Practical steps store operators in Pennsylvania should be taking:
- Inspect card readers daily. Tug the reader housing and the keypad. An overlay usually moves, sits proud of the frame, or covers screw holes. Photograph your terminals when they are known to be clean so staff have a reference.
- Restrict physical access to terminals and check the seals on any unattended or outdoor pump readers.
- Look for the pattern.

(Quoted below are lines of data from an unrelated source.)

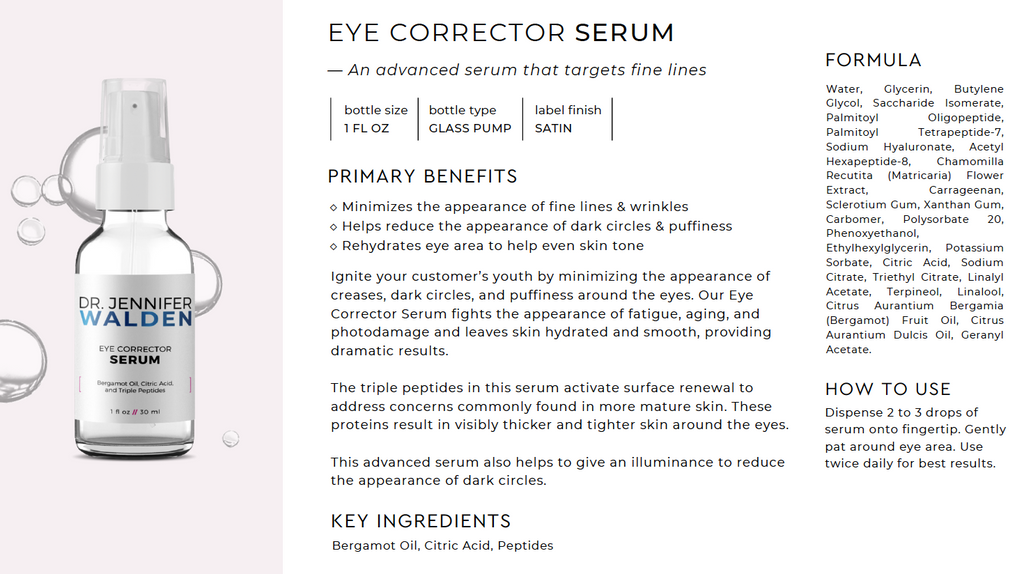 Eye Corrector Serum with Bergamot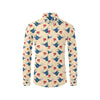 Swallow Bird Pattern Print Design 05 Men's Long Sleeve Shirt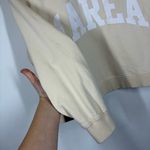 Flaw Marea by Liz Joy Crewneck Sweatshirt Size XS White Photo 6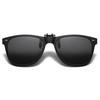 Mirror Flip Up Clip on Polarized Sunglasses Clips Pochromic Driving Fishing Eyewear Night Vision Lens Sun Glasses Clips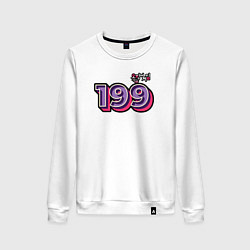 Свитшот хлопковый женский Игрок номер 199, цвет: белый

Skimming crews commonly install a device and return days later to retrieve it. Repeat visitors handling terminals without buying anything are worth a look on camera.
- Tell your SNAP customers about EBT card lock. Pennsylvania’s ConnectEBT website and mobile app let recipients lock a card when it is not in use, with auto re-lock after 30, 60, or 90 minutes. A locked card blocks all purchases and balance inquiries, which defeats a cloned card outright. This is the single most effective thing a cashier can mention.
- Report suspected devices immediately to local law enforcement and to your terminal provider, and preserve camera footage.
Outlook
SB 362 passed the Senate without a single dissenting vote, and Senator Boscola has urged the House to take it up quickly. AARA supports stronger deterrence here. Our members bear the reputational cost when a customer’s benefits are stolen at their counter, and they carry the expense of inspecting and replacing compromised equipment. We will track the bill through the House and notify Pennsylvania members if it reaches the Governor.
Sources
- Pennsylvania Senate Democrats. Boscola Bill to Crack Down on SNAP Skimming Unanimously Passes PA State Senate.
- Senator Lisa Boscola. Boscola Bill to Crack Down on SNAP Skimming Unanimously Passes PA State Senate.
- Senator Lisa Boscola. Senator Boscola Introduces Bill to Crack Down on SNAP Skimming Thieves.
- Pennsylvania Department of Human Services. EBT card information and Card Lock feature.
- Pennsylvania Capital-Star. Pa. Senate committee moves bills to safeguard social services programs.